Traduit de l’anglais (États-Unis) par Samuel Todd

 

Commentaires

29 août 2017
D'ANTONIO NADIA

* Dodgers de Bill Beverly :
Quand on est un adolescent noir, à Los Angeles, que l’on est pauvre, un des moyens de se faire un peu d’argent facile, c’est d’être un « guetteur » devant « une taule » (une maison où l’on vend et consomme de la drogue dans un ghetto américain).
Mais un jour, des policiers surviennent et ferment la taule. Il ne reste plus qu’à East - « le guetteur » - de se racheter car on le tient pour fautif, lui qui n’a rien vu venir.
Pour un premier roman et pour un sujet qui pourrait, hélas, sembler banal, le lecteur sera étonné par le style d’écriture car il ne lui viendra peut-être pas (comme à moi) de juger ces petits malfrats, compte tenu de leurs épreuves.

25 août 2017
Agnès RADMACHER

Los Angeles, les quartiers pauvres, loin de Beverly Hills, de ses stars et de ses paillettes, c’est là qu’Easton surnommé East, quinze ans, grand adolescent dégingandé au crâne rasé, passe ses journées à « guetter » pour son oncle, un gros dealer du coin. Inévitablement, la combine finit par mal tourner et s’en suit un défilé d’aventures, ayant pour but initial de racheter la dette contractée malgré lui. Cette quête amènera East, au contact de plusieurs personnages cabossés par la vie et le manque d’éducation, à apprendre à faire la distinction entre ce qu’il veut vraiment et ce qu’il rejette.
La lecture est fluide, insidieusement on se prend d’affection pour ce gamin des rues, contraint de grandir vaille que vaille, au milieu de cette misère sociale.
Un moment agréable de lecture qui n’est pas sans rappeler certaines scènes de « Moonlight », film oscarisé, réalisé par Barry Jenkins, d’après la pièce de Tarell Alvin McCraney.

25 août 2017
MJ

Entre le roman noir, le western moderne et le roman initiatique, Dodgers a été une belle surprise d’autant que je ne suis pas friande de littérature américaine et de road-trip. Car c’est bien de cela qu’il s’agit : un formidable road-trip à travers les Etats-Unis d’un groupe de petites frappes californiennes qui ont pour mission de tuer un juge.
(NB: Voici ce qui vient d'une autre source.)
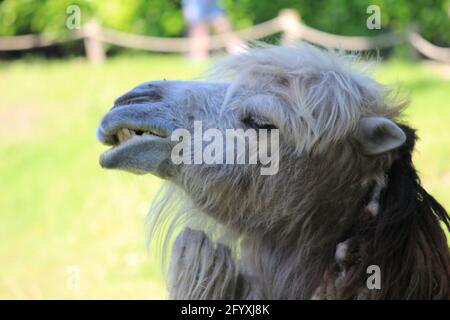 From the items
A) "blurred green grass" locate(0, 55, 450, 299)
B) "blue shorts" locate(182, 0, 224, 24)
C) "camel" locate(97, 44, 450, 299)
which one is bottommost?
"blurred green grass" locate(0, 55, 450, 299)

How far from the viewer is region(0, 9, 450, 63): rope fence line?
14.0m

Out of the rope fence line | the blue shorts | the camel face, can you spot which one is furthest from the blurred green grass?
the camel face

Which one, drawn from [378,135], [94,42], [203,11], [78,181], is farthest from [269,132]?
[94,42]

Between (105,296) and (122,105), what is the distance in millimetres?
3246

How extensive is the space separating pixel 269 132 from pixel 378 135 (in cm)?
42

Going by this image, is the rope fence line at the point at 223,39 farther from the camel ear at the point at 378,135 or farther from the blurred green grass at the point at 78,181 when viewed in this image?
the camel ear at the point at 378,135

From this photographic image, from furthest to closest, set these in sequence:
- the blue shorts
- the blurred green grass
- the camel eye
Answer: the blue shorts
the blurred green grass
the camel eye

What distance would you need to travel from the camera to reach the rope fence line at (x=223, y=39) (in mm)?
13953

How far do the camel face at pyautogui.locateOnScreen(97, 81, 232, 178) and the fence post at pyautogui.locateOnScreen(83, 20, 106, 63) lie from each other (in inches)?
465

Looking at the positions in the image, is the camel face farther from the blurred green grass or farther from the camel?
the blurred green grass

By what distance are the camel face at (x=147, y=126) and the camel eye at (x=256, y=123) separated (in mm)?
102

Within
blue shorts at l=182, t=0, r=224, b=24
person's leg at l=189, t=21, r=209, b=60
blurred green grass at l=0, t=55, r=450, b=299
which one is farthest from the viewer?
blue shorts at l=182, t=0, r=224, b=24

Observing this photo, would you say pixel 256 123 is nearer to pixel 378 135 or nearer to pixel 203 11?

Le personnage principal, Ethan, a 15 ans et semble le plus malin de la petite troupe et je m’y suis rapidement attachée, me demandant en permanence comment il allait s’en sortir. L’écriture colle bien à l’atmosphère et au vocabulaire assez cru de ces jeunes délinquants. Un roman très agréable à lire qui dresse également un bilan social de l’Amérique assez désastreux.

24 août 2017
Annick Simeoni

Une belle découverte que ce roman effectivement "littéraire".Rien de traditionnel dans cette aventure dont le rythme surprend au début mais finalement nous transporte et nous immerge dans ce monospace avec ces jeunes héros désabusés , sans véritable avenir à l'image de cette Amérique profonde , loin des paillettes et du mythique rêve américain.Les sentiments inspirés par les personnages sont multiples allant de la pitié à l'empathie , de l'horreur au soulagement . Il est difficile de rester insensible à ces rencontres .

16 août 2017
Magali BERTRAND

Quel roman surprenant que ce Dodgers de Bill Beverly...La quatrième de couverture s'ouvre sur cette phrase de Donald Ray Pollock que je trouve très juste et très appropriée "Un des plus grands polars littéraires que vous lirez jamais".En effet, il faut reconnaître que c'est bigrement bien écrit et Bill Beverly, dans ce premier roman, fait preuve de qualités stylistiques très maîtrisées et très originales, loin des recettes narratives américaines facilement reconnaissables chez bon nombre de ses concitoyens.Le rythme, sans être lent, est contenu, comme adapté aux limitations de vitesse des routes américaines qu'il déroule sous les roues du monospace contenant cette équipe composite et mal assortie de caïds plus habitués aux banlieues interlopes de LA qu'aux grands espaces vides, froids et venteux auxquels ils se verront contraints de se frotter pour remplir leur mission.Le contraste entre le milieu clos et confiné du véhicule où la tension monte inexorablement au fil du voyage et ces paysages immenses, grands ouverts mais hostiles à ces personnalités inadaptées à pareils décors est une des forces de ce roman, de même que la progression des pensées et réflexions du personnage central qui semble suivre celle de la voiture traversant le pays. East, personnage attachant à la personnalité complexe donne envie de l'accompagner dans son périple.Plus roman noir que véritable polar haletant (sans doute ce que Pollock qualifie de "polar littéraire"...), Dodgers déroule sur le mode road-movie une histoire sombre qui interpelle et dérange, une histoire de mauvaises rencontres, de mauvais endroits et de mauvais moments.Une histoire qui fait les mauvais (?) garçons.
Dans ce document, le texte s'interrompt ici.